## [Data]
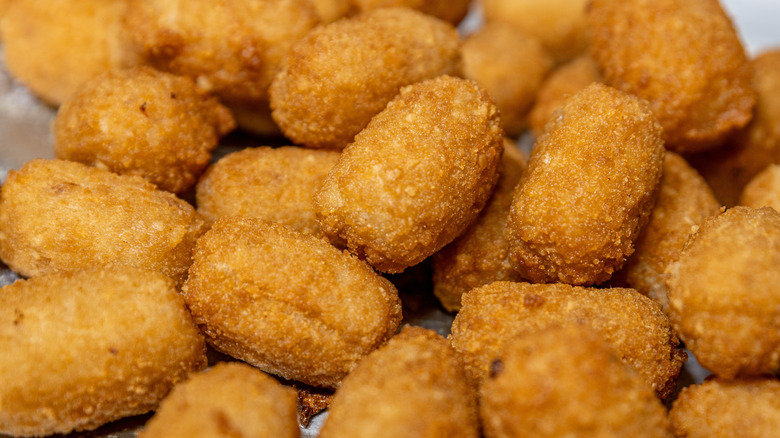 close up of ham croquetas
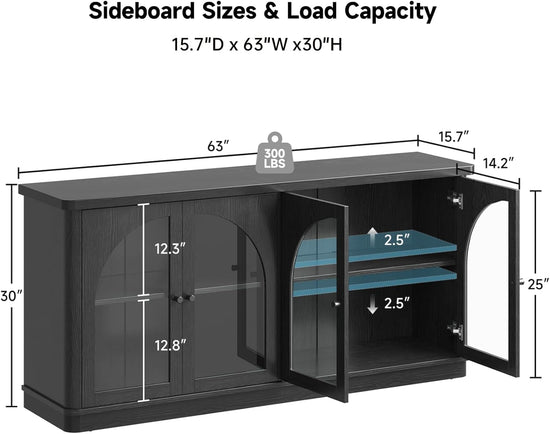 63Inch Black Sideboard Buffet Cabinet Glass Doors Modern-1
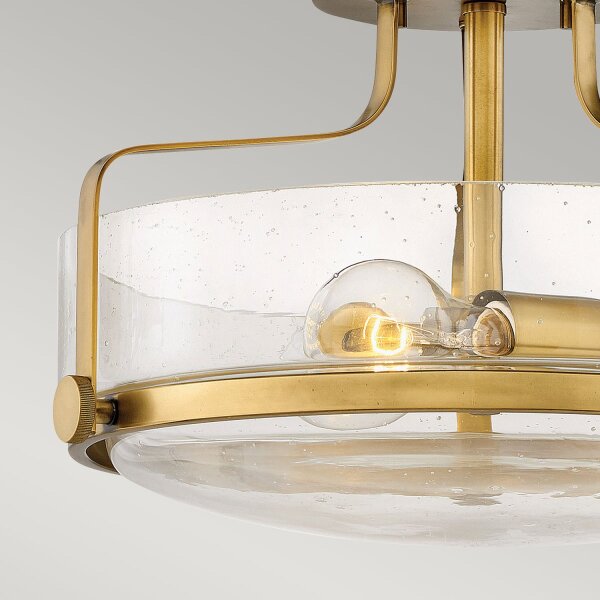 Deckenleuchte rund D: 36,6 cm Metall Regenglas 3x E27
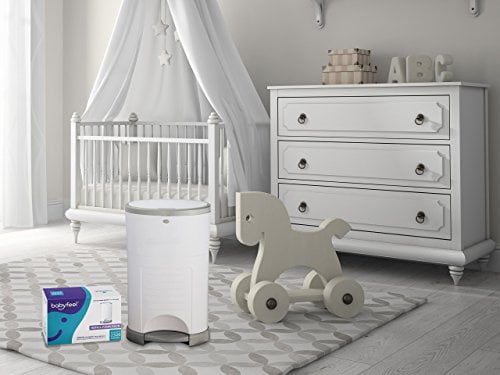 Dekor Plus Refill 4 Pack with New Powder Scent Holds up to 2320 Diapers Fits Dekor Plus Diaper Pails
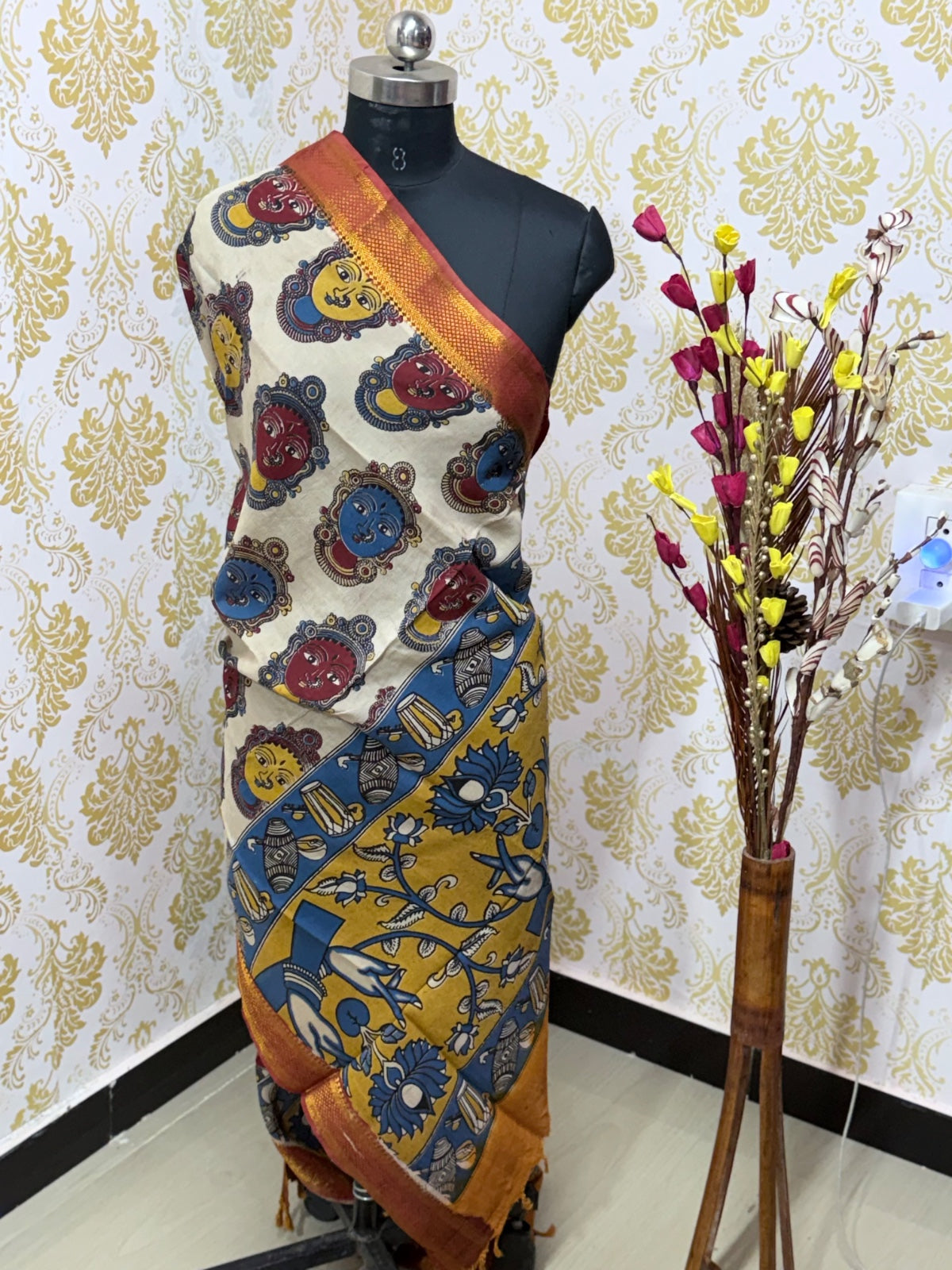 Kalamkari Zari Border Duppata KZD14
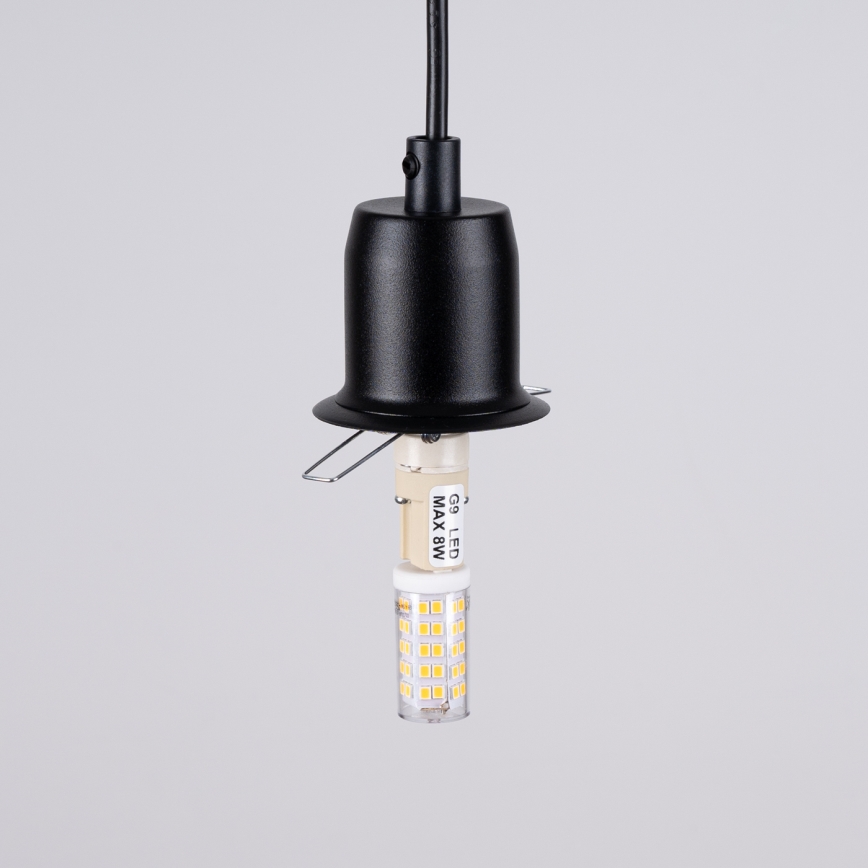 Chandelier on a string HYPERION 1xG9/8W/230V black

## [What is being asked]
With the pictures left out, give again exactly the lines from the one with "Kalamkari Zari Border Duppata KZD14" through the end of the data, both included.

## [Answer section]
 Kalamkari Zari Border Duppata KZD14
 Chandelier on a string HYPERION 1xG9/8W/230V black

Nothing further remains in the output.